Given that you've already created such a comprehensive writeup, I
definitely think you should at least ask upstream! You could do this
either on Slack or on the mailing list; or both? On Slack you can
probably get away with just putting in the link above, but on the
mailing list you probably need to do a little bit of a writeup. You
could just edit the existing README file a bit and turn it into an
email, then send that to ***@***.*** and
***@***.***
I guess posting the link on Slack is easiest, so try that first, then
send the email afterwards if you don't get any replies? :)
|
|
Nice summary Simon! I agree, send it on the Slack channel and let's move on to the output :) |
Reduce IPV6_EXT_MAX_CHAIN to 3 to avoid hitting the verifier limit of processing 1 million instructions, This results in fewer loops in parsing_helpers.h/skip_ip6hdrnext which simplifies the verifier analysis. IPv6 extension headers do not appear to be that common, so this is unlikely to cause a considerable limitation. Signed-off-by: Simon Sundberg <simon.sundberg@kau.se>
Update documentation to reflect the current state of pping (after merging pping_kern_tc and pping_kern_xdp into a single file). Also add another point to the TODO list that has been discussed at a previous meeting. Signed-off-by: Simon Sundberg <simon.sundberg@kau.se>
|
Hi again @tohojo. I've now reduced the number of IPv6 extensions parsed, so that the program loads again. So if you could have a final look at it we could perhaps get it merged in. I think I've addressed all of your requests (minus double checks for opt_end and data_end, which I can't seem to manage without), but there could of course be something more to do as well. Now that we load both the BPF programs from the same object-file, I guess we don't need to pin the maps anymore? So guess I could also remove the code related to that (not that much, since libbpf takes care of most of it). |
|
Yeah, good point about the pinning! I agree, let's get rid of it. We may need to bring it back later for when you enable background monitoring (in that case there won't necessarily have to be a long-running process at all if a cron job can just ping the maps), but for now it's just complicating stuff and incurring a dependency on bpffs... Couldn't spot anything else to complain about, so I'm fine with merging that once you've removed the pinning :) |
When both BPF programs are kept in the same file, no longer need to pin the maps in order to share them between the programs.
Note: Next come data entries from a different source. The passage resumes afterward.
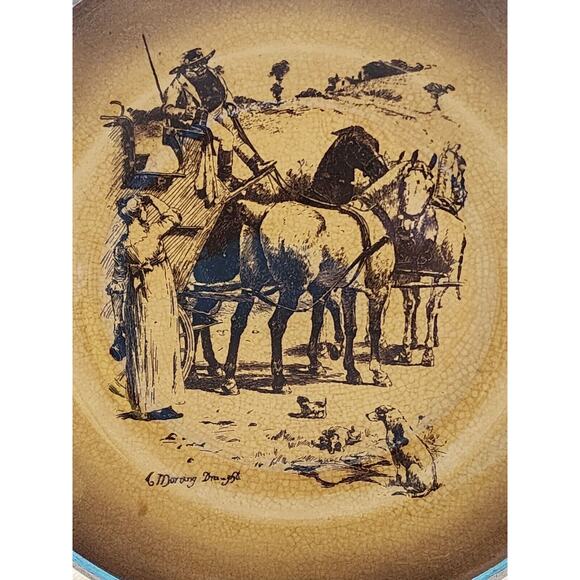 COLLECTOR PLATE-RIDGEWAY-COACHING DAYS COACHING WAYS-Vintage-Gold-Woman & Dog - Picture 2 of 10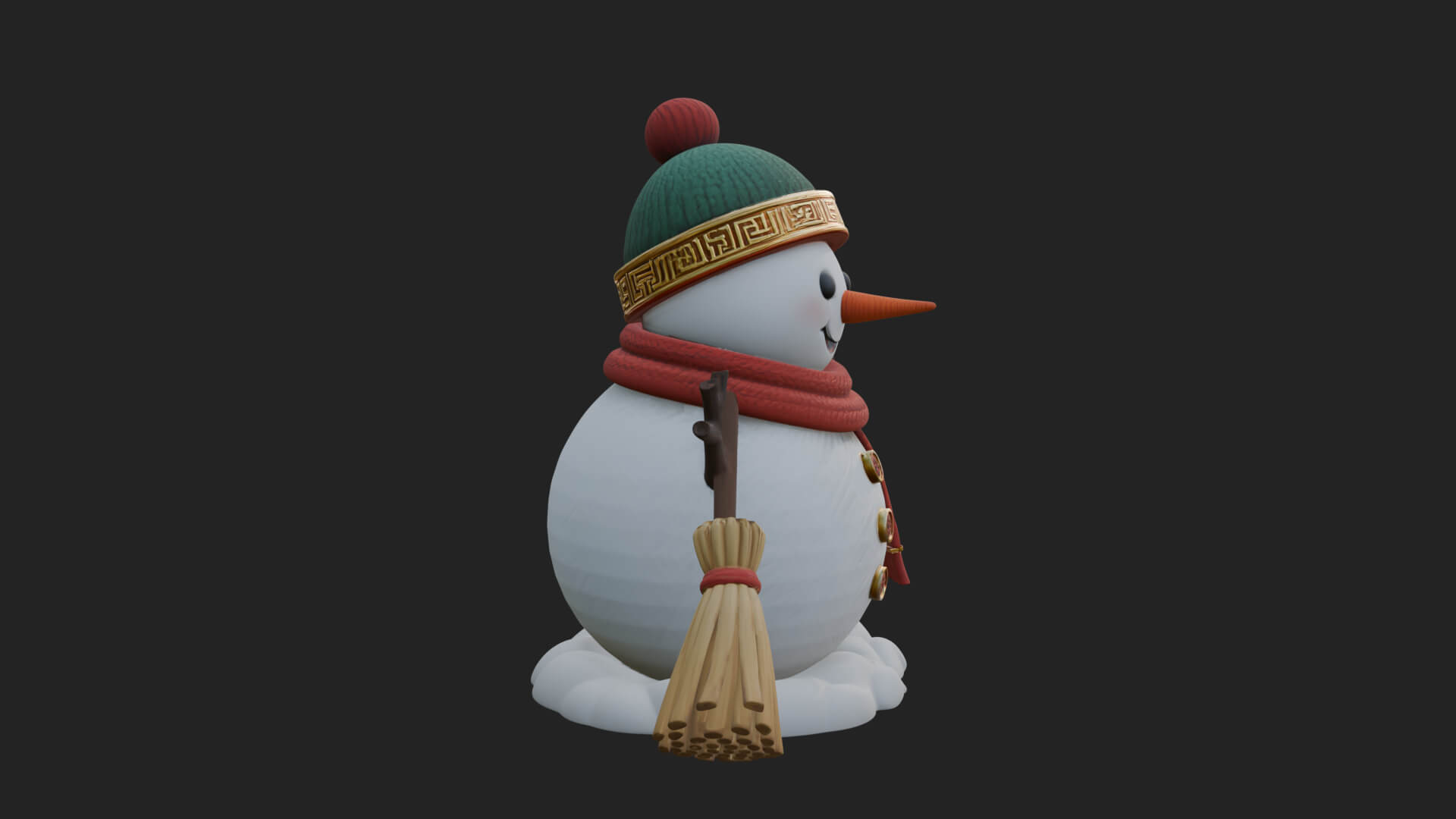 Knit Hat Snowman Statue Design 54 3D Print Model 3D Model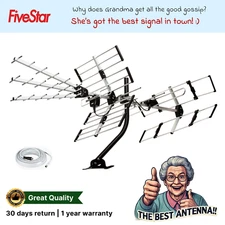 Yagi Outdoor Antenna 24 Elements 4K Long Range Crystal Clear UHF VHF ATSC 3 2025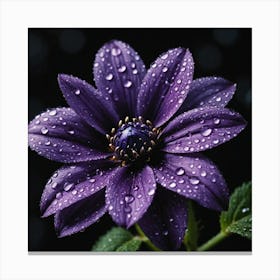 Purple Flower With Raindrops Canvas Print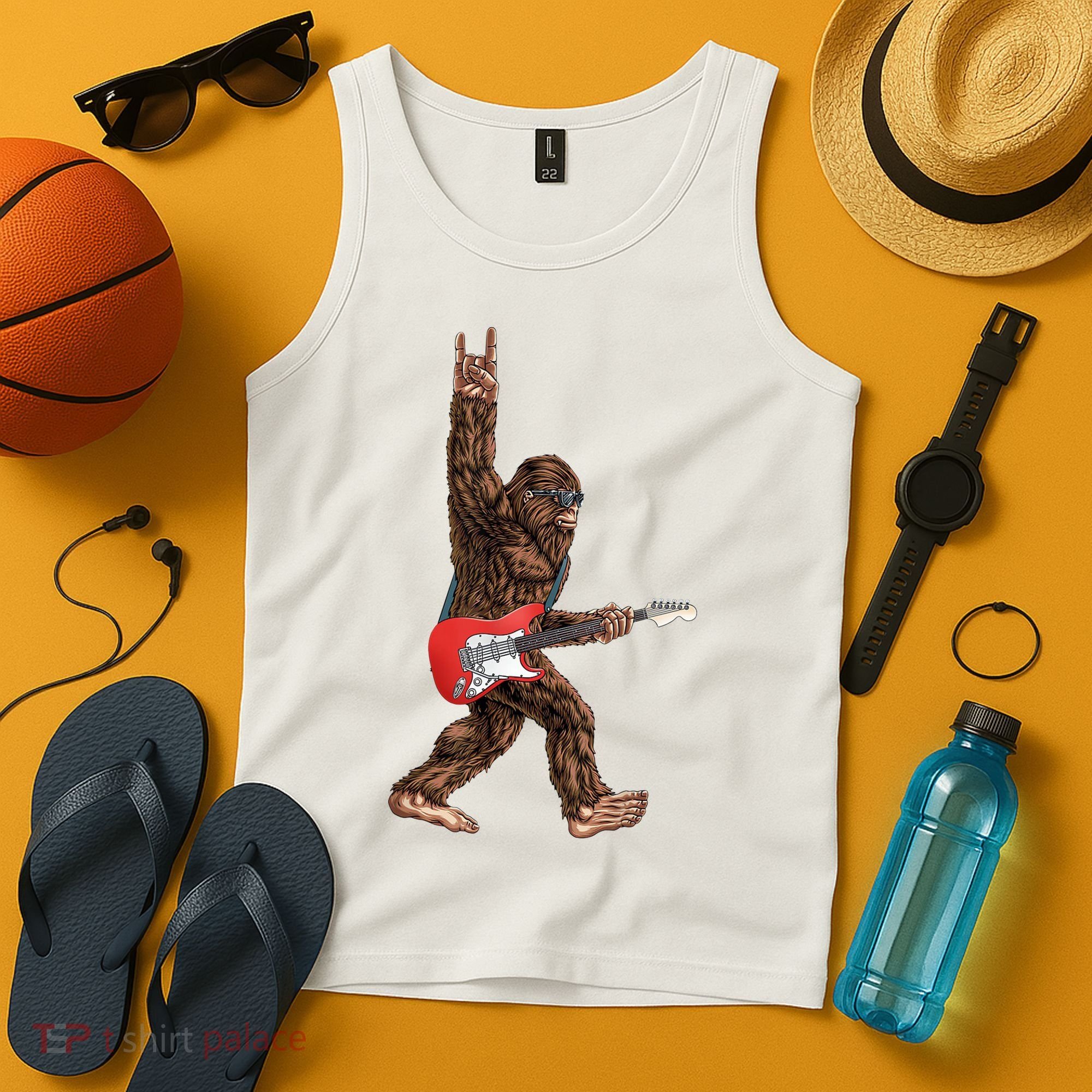 Bigfoot Rock On Guitar Tank Top
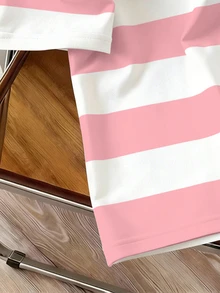 Manfinity Joysei Men's Contrast Stripe & Letter Print Polo Shirt - Baby Pink - View 5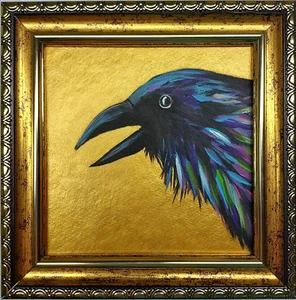 Krähe Gemälde Original Vogel Ölgemälde Rabe Wandbild Goldgemälde gerahmt - Bild 1 von 9
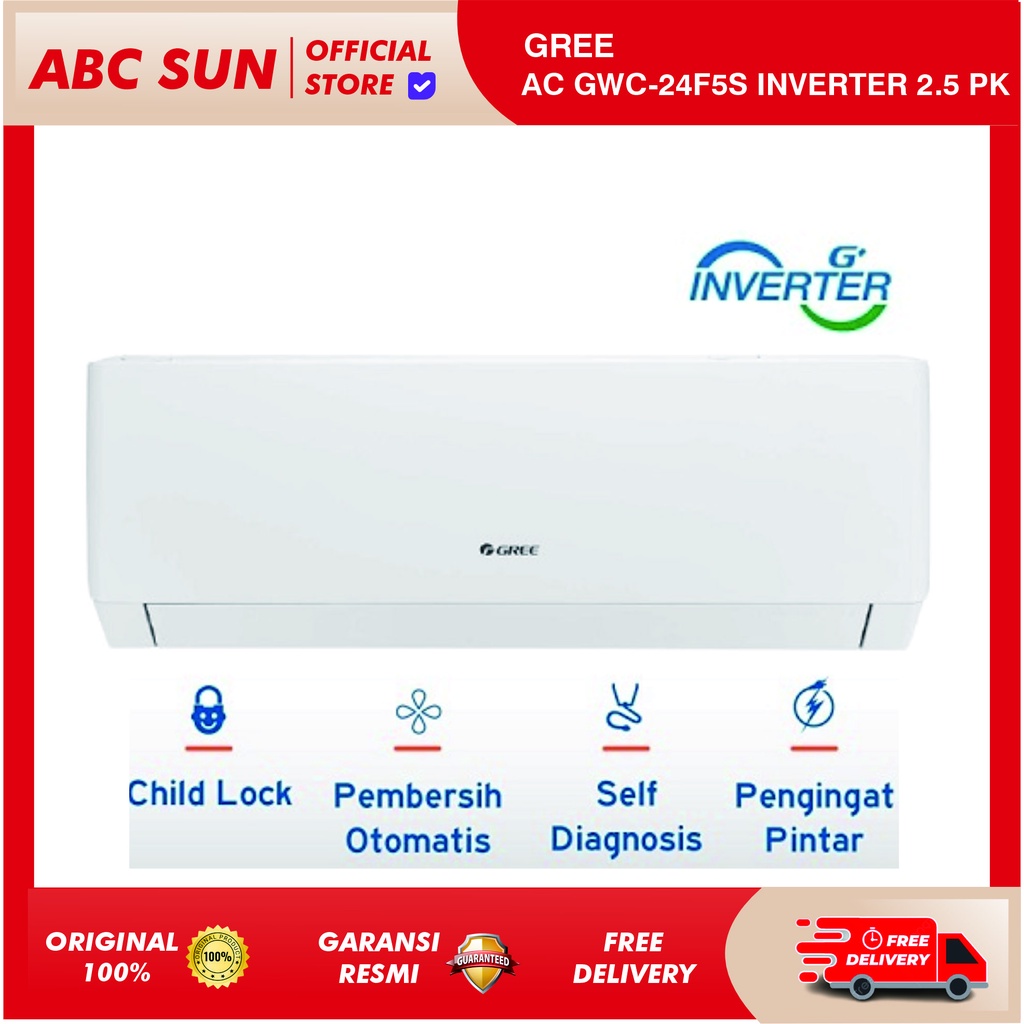 Gree GWC24F5S Air Conditioner 2.5 Pk Inverter Fast cooling Turbo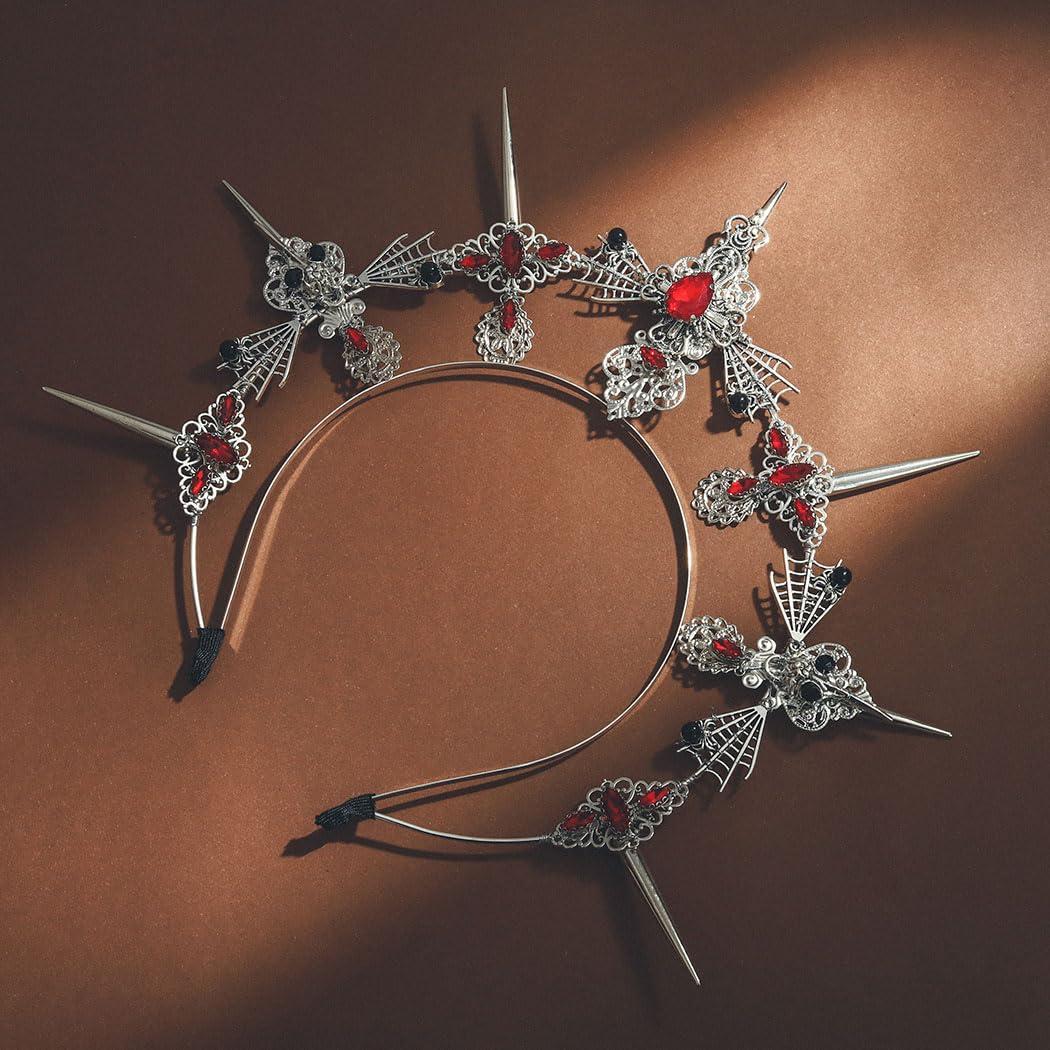 Formery Formery Spiked Halo Crown Silver Rhinestones Spider Halo Headpiece Halloween Festival Photo-shoot Crow Cross Halo Headband for Women and Girls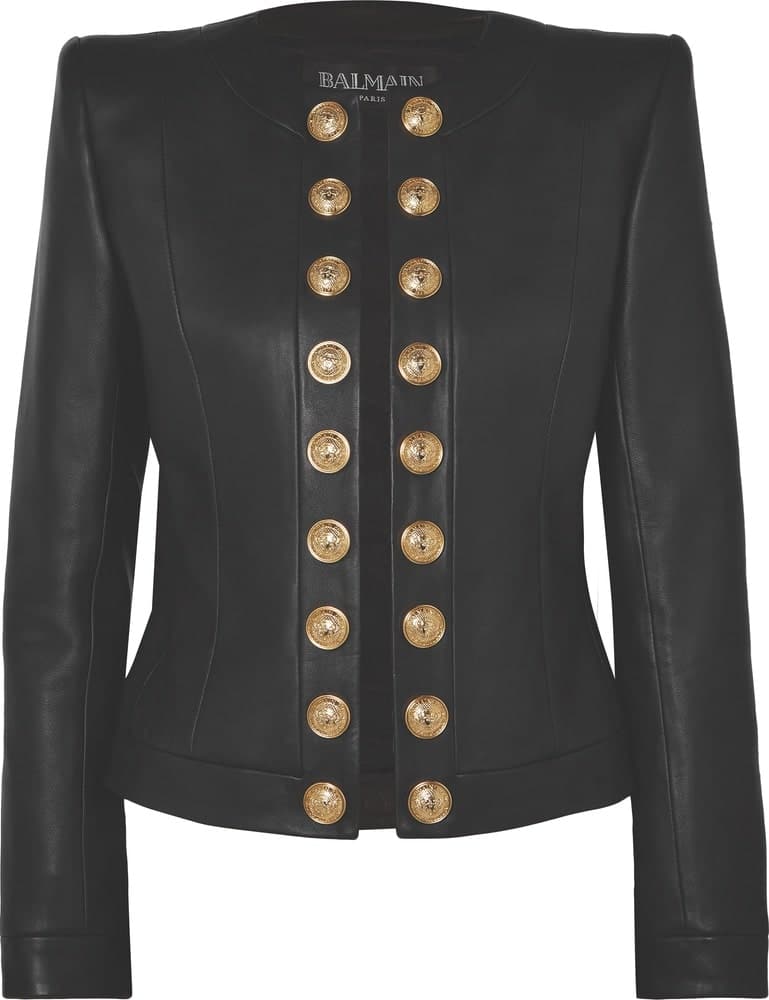Balmain Button-Embellished Collarless Leather Blazer, net a porter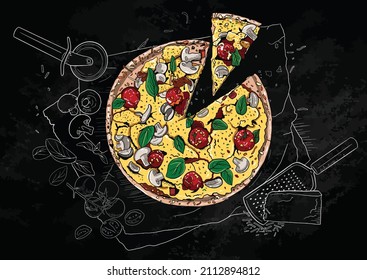 Hand Drawn of Italian Pizza with Cheese, Mushroom, and Tomato Sauce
Signed-off-by: Simon Sundberg <simon.sundberg@kau.se>
Have now removed the code related to pinning the maps (as stated, not many lines). That said, we don't really get rid of the dependency on bpffs as we still pin the tc program (so we don't need to rely on tc loading the program, only attaching it). |
|
Right, but libbpf will hopefully gain support for attaching the tc progs soon, so that can go away as well :) |
After some thinking and a bit of discussion with @abrunstrom and @sferlin, I've found that there are a number of potential issues that needs to be solved in order to get sampling to work well. Before I start actually implementing the sampling, I would like to get some feedback on if my plan for how to do the sampling makes sense. Therefore I've started documenting some of the challenges and how I plan to solve them. And instead of sending a bunch of mails back and fourth, I figured we could simply have that discussion in this PR instead.
So this PR doesn't contain any code changes (yet), only a markdown document (
SAMPLING_DESIGN.md) which I hope can serve as the basis for some discussion. I still have some sections left which I plan to fill in tomorrow, and then we can maybe discuss some of these issues on the next meeting.